What to produce: Give back the whole listing exactly as written, leaving out each picture.

Dataset excerpts:
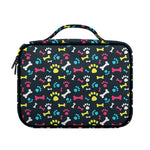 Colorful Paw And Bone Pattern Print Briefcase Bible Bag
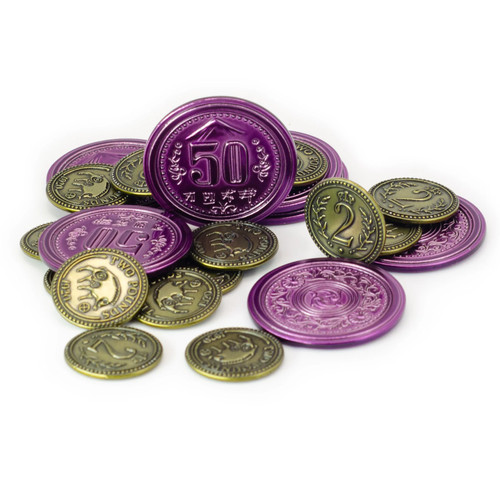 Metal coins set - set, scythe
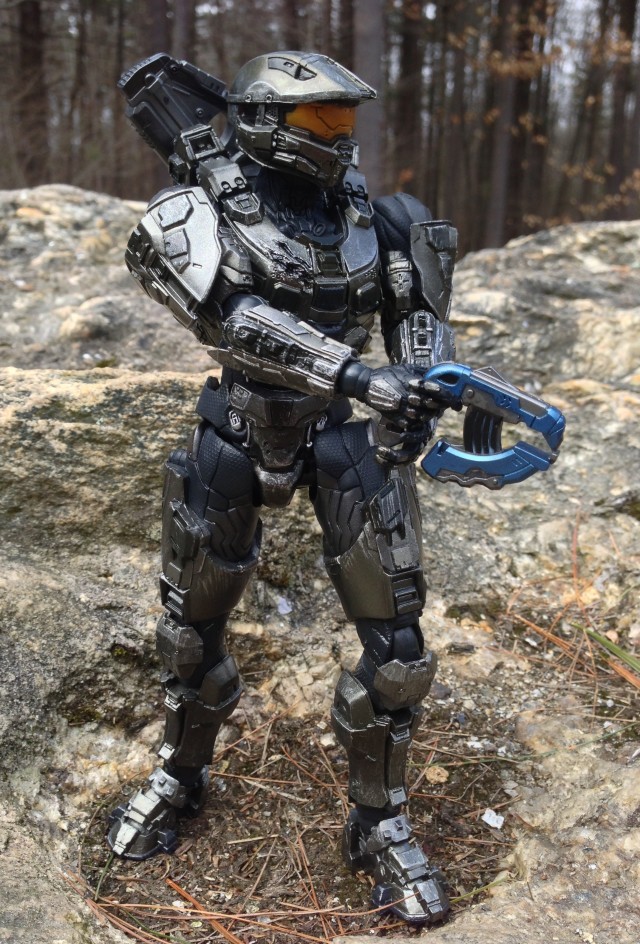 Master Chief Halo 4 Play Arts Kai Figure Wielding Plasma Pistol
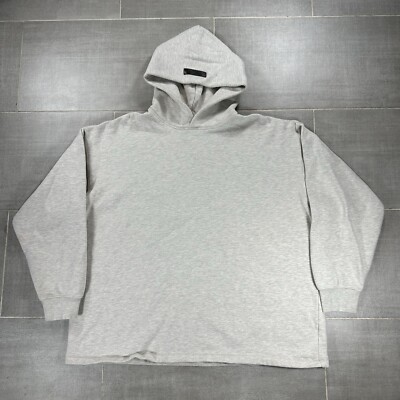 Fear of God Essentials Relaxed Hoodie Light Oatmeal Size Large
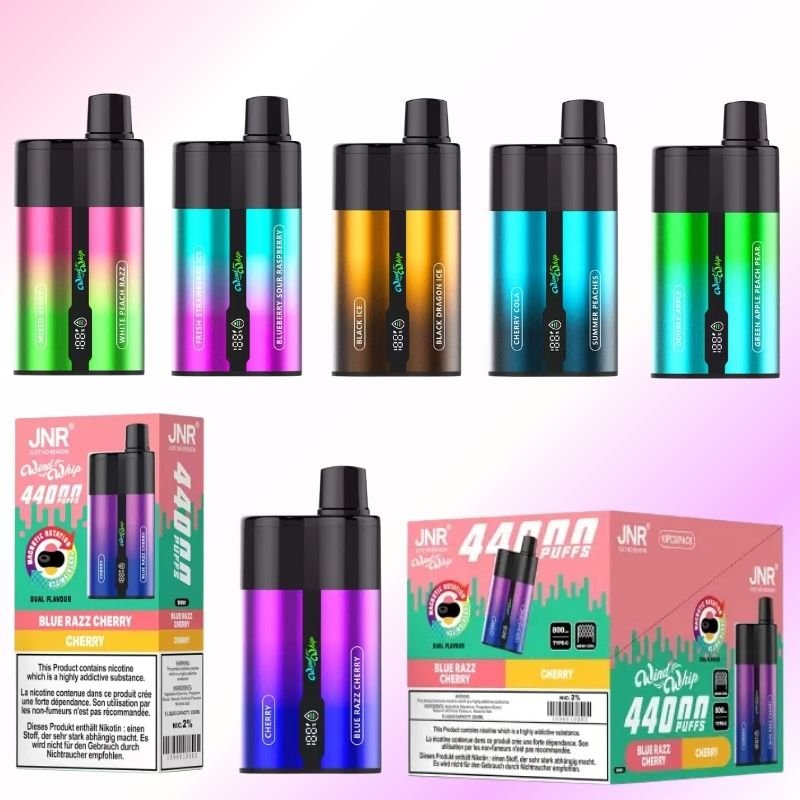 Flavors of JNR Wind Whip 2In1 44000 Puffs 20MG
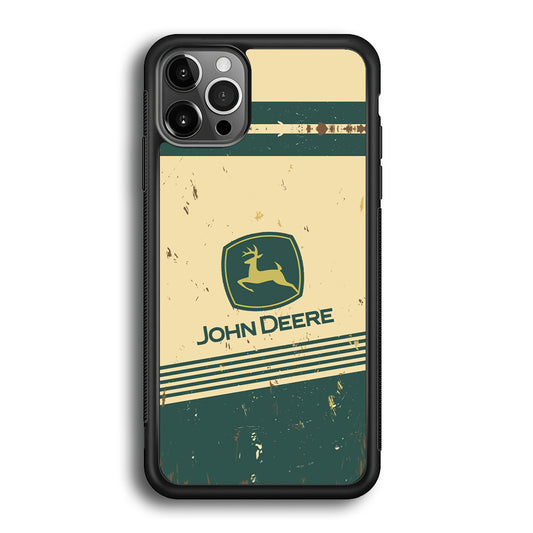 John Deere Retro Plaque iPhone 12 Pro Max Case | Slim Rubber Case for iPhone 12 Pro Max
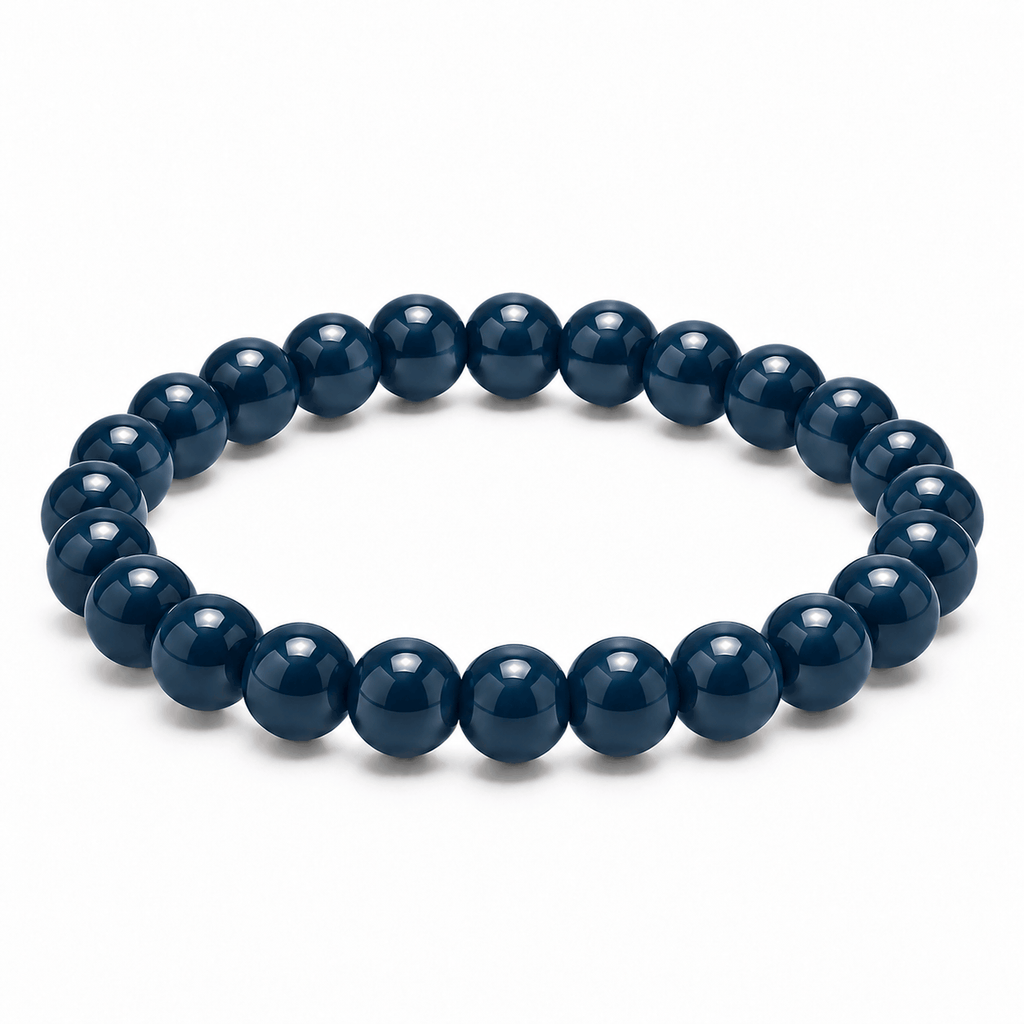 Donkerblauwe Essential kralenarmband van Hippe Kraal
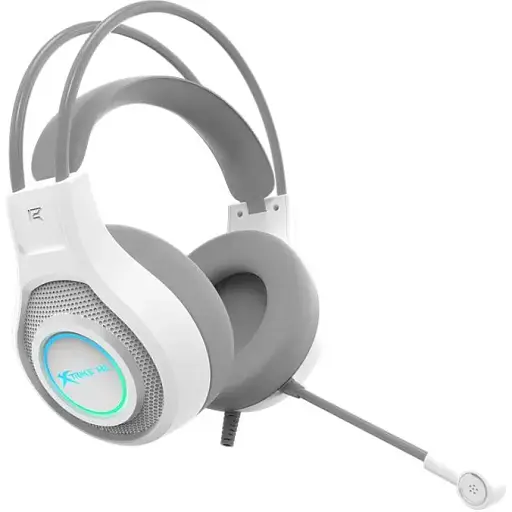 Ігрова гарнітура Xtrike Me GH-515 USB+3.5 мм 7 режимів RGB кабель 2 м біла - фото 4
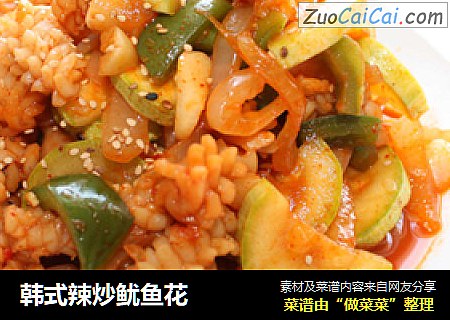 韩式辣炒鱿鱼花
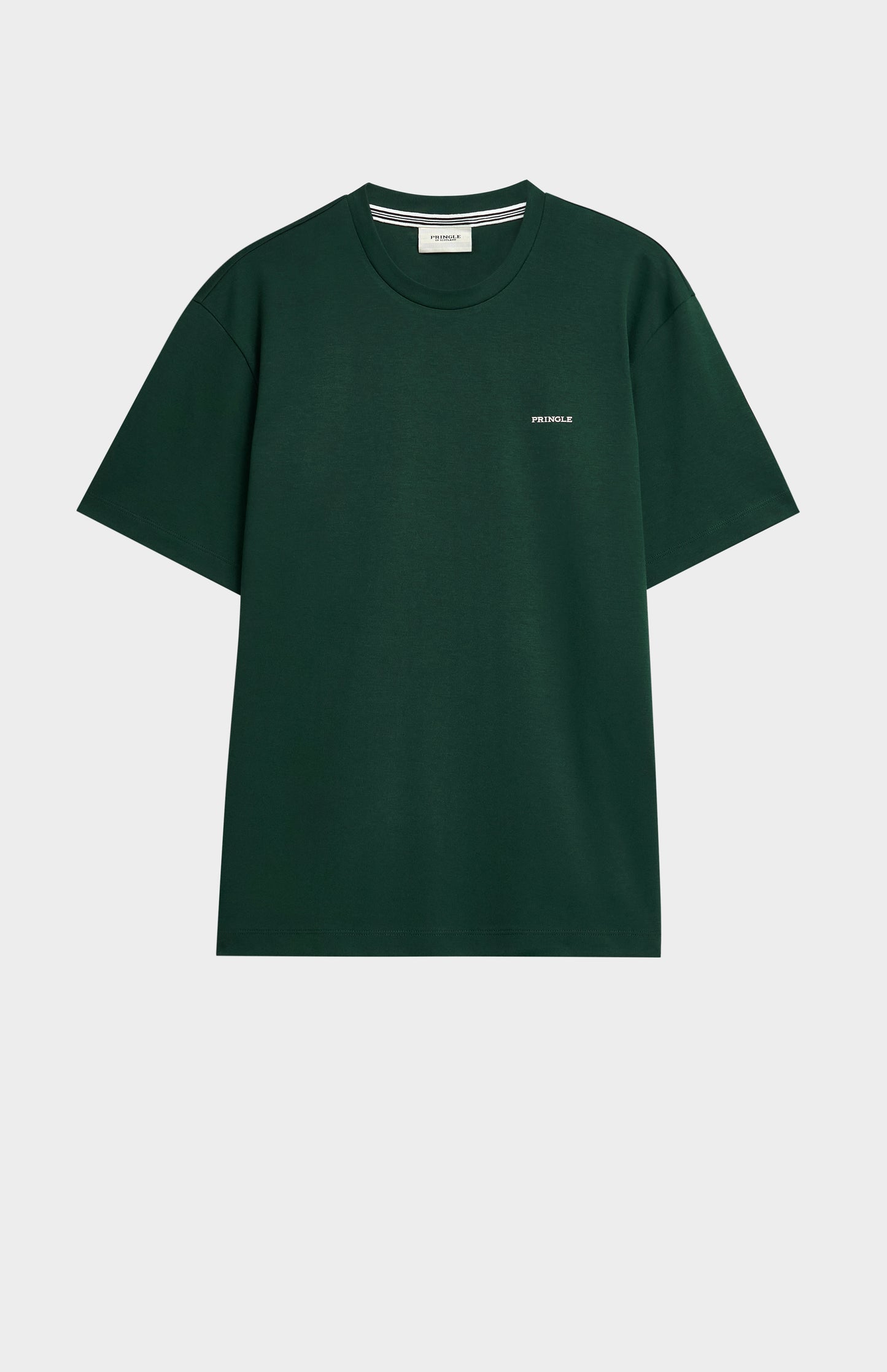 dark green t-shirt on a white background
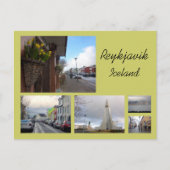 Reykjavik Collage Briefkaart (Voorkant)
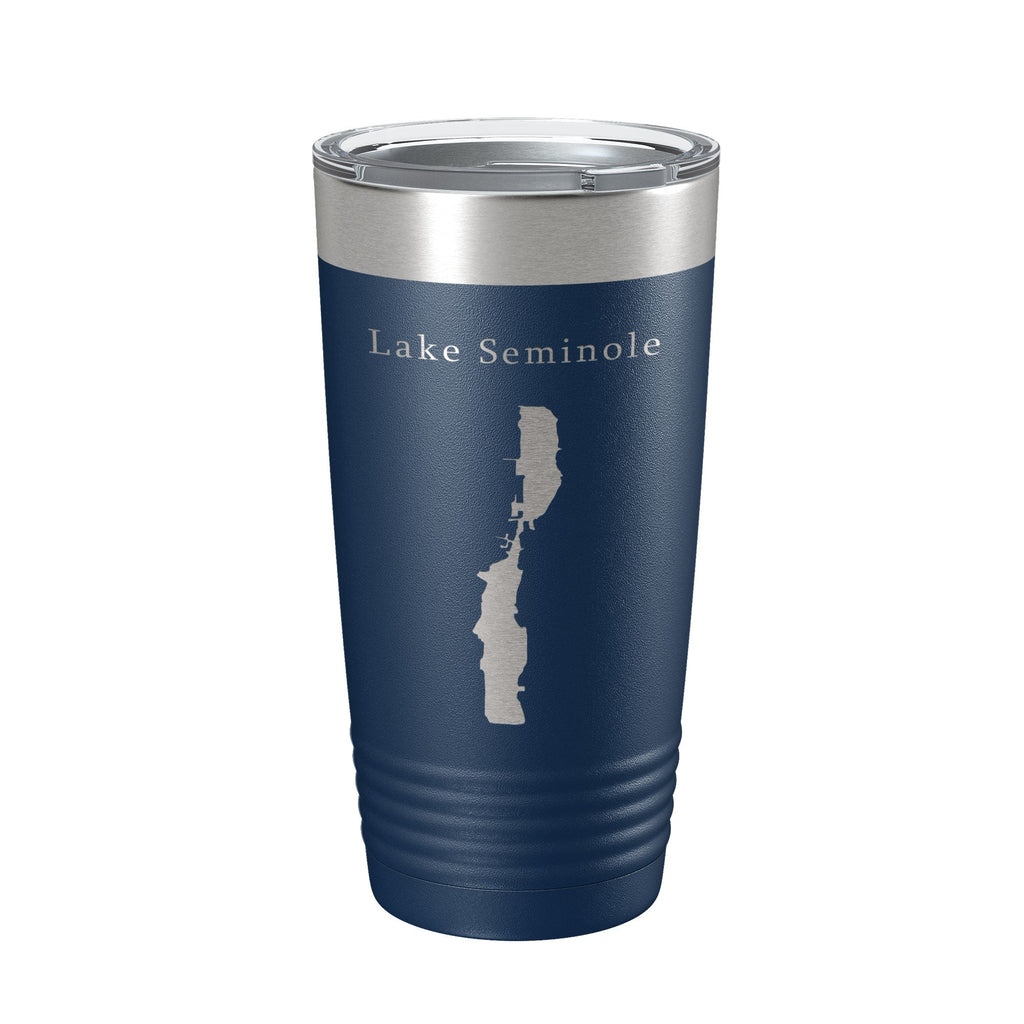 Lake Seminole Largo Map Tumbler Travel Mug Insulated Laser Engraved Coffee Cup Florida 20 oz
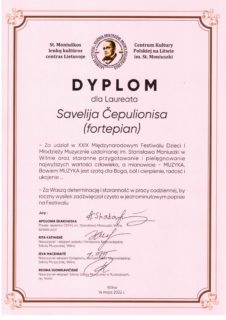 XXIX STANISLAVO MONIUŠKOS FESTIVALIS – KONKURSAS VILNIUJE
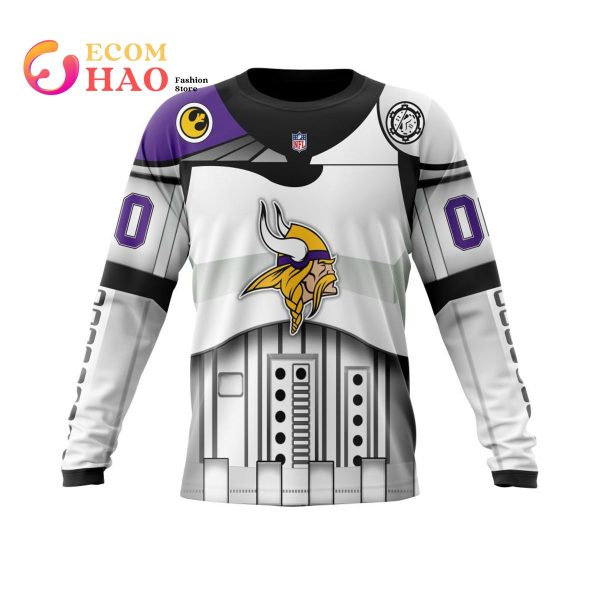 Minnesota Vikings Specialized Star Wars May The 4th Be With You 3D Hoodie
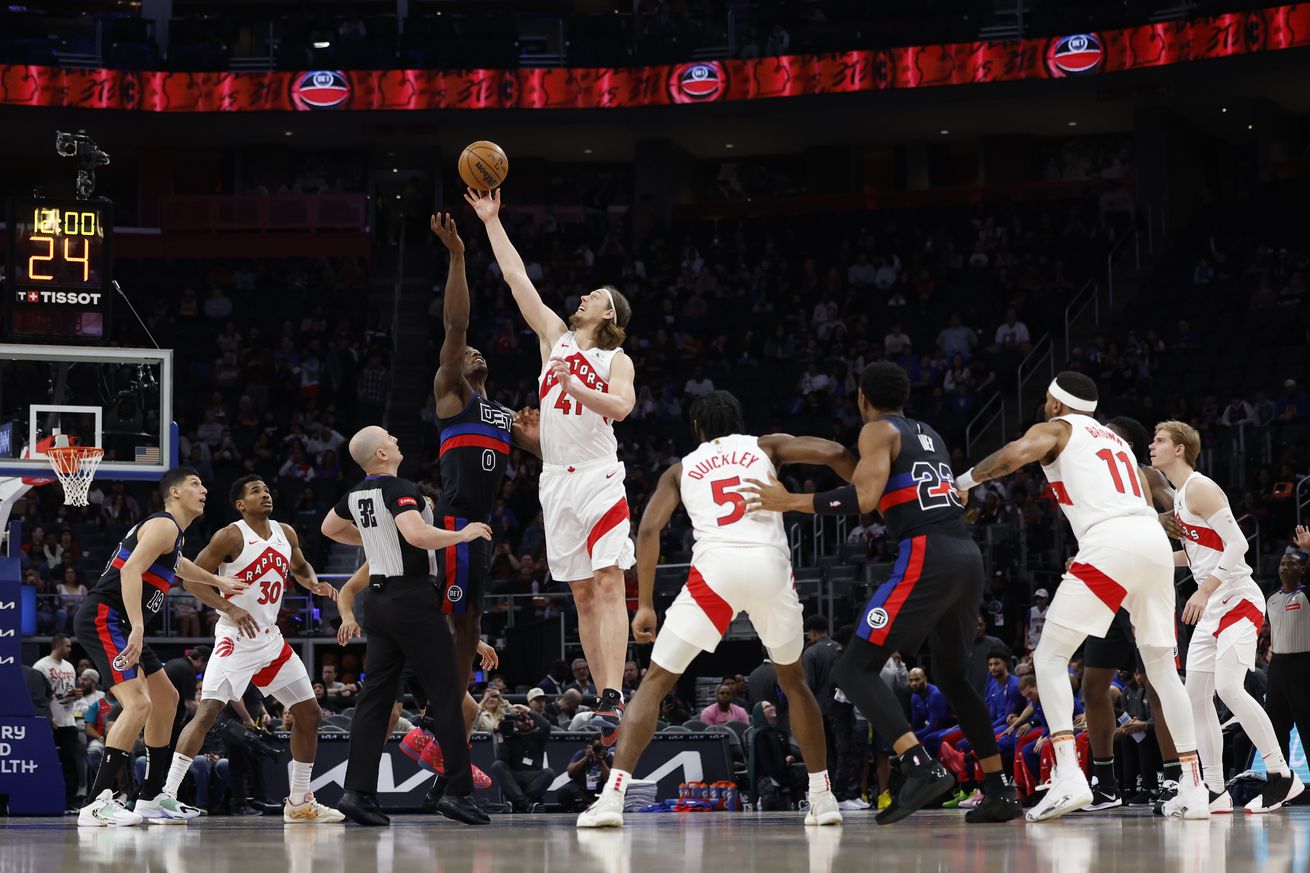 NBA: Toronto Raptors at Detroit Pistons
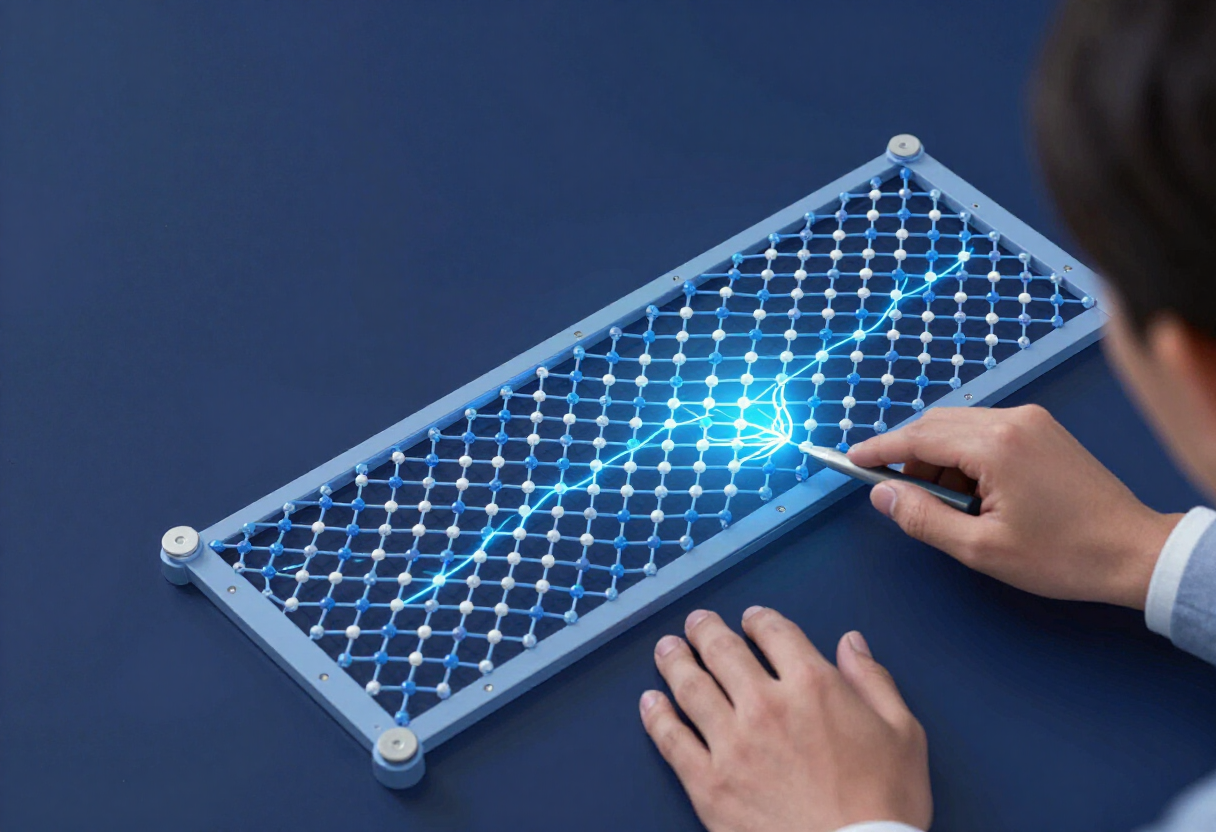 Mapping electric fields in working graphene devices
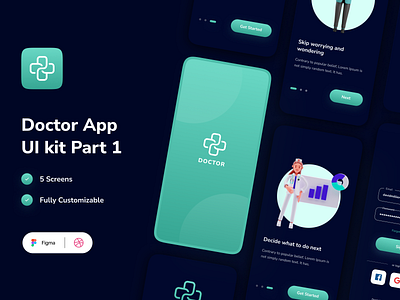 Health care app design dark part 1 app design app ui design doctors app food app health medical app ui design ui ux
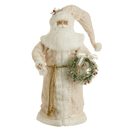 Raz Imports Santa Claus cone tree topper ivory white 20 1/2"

Task answer:
 Colorful Paw And Bone Pattern Print Briefcase Bible Bag
 Metal coins set - set, scythe
 Master Chief Halo 4 Play Arts Kai Figure Wielding Plasma Pistol
 Fear of God Essentials Relaxed Hoodie Light Oatmeal Size Large
 Flavors of JNR Wind Whip 2In1 44000 Puffs 20MG
 John Deere Retro Plaque iPhone 12 Pro Max Case | Slim Rubber Case for iPhone 12 Pro Max
 Donkerblauwe Essential kralenarmband van Hippe Kraal
 Ігрова гарнітура Xtrike Me GH-515 USB+3.5 мм 7 режимів RGB кабель 2 м біла - фото 4
 韩式辣炒鱿鱼花
 dark green t-shirt on a white background
 Reykjavik Collage Briefkaart (Voorkant)
 Lake Seminole Largo Map Tumbler Travel Mug Insulated Laser Engraved Coffee Cup Florida 20 oz
 XXIX STANISLAVO MONIUŠKOS FESTIVALIS – KONKURSAS VILNIUJE
 Minnesota Vikings Specialized Star Wars May The 4th Be With You 3D Hoodie
 NBA: Toronto Raptors at Detroit Pistons
 Mapping electric fields in working graphene devices
 Health care app design dark part 1 app design app ui design doctors app food app health medical app ui design ui ux
 Raz Imports Santa Claus cone tree topper ivory white 20 1/2"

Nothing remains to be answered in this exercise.